REQUIRED WORK: Only the lines from the one containing "Veřejná toaleta s" through the last line below belong in your copy; transcribe them exactly and omit any pictures.

PROVIDED DATA:

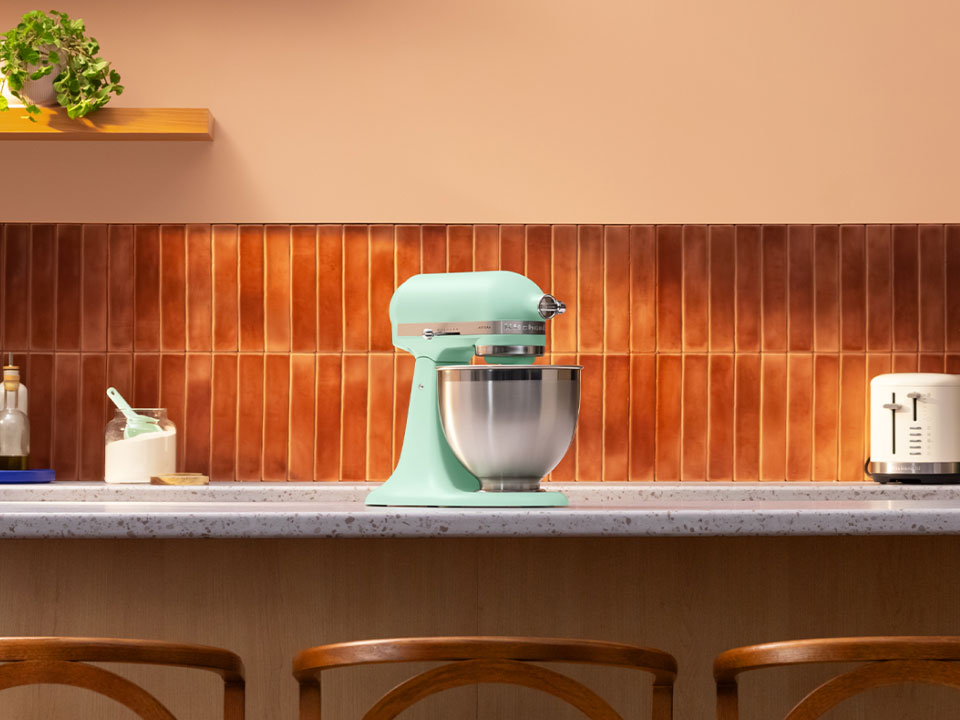 A Spearmint stand mixer on a countertop.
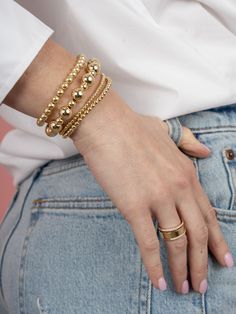 Add a touch of bubbly charm to your style with the Double Bubble Stretch Bracelet! Made with alternating 10mm and 6mm gold fill beads, this stretch bracelet is perfect for adding a playful twist to any outfit. Stretchy and easy to wear, it's a must-have for any jewelry lover. Gold Trendy Stretch Bracelet With Spacer Beads, Trendy Gold Stretch Bracelet With Spacer Beads, Classic Stackable Stretch Bracelet, Bubble Bracelet, Tennis Jewelry, Gold Bubbles, Initial Jewelry, Engraved Items, Religious Jewelry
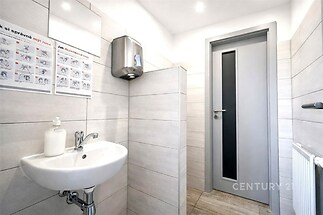 Veřejná toaleta s moderními obklady, umyvadlem a samostatným uzavřeným prostorem. Světlé dlaždičky a kovové doplňky přispívají k čistému vzhledu.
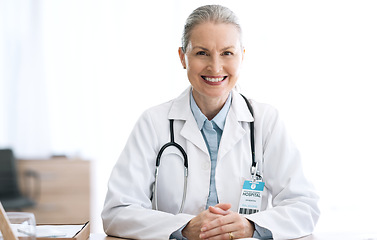 Image showing Mature woman doctor, smile and portrait in office for healthcare, wellness and insurance. Happy medical professional, confident and expert therapist or surgeon to trust and support or about us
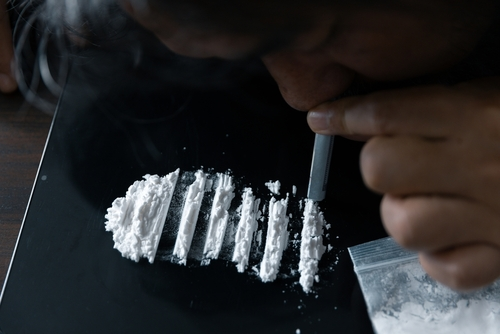 person snorting cocaine lines on table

OUTPUT OF THE TASK:
 Veřejná toaleta s moderními obklady, umyvadlem a samostatným uzavřeným prostorem. Světlé dlaždičky a kovové doplňky přispívají k čistému vzhledu.
 Image showing Mature woman doctor, smile and portrait in office for healthcare, wellness and insurance. Happy medical professional, confident and expert therapist or surgeon to trust and support or about us
 person snorting cocaine lines on table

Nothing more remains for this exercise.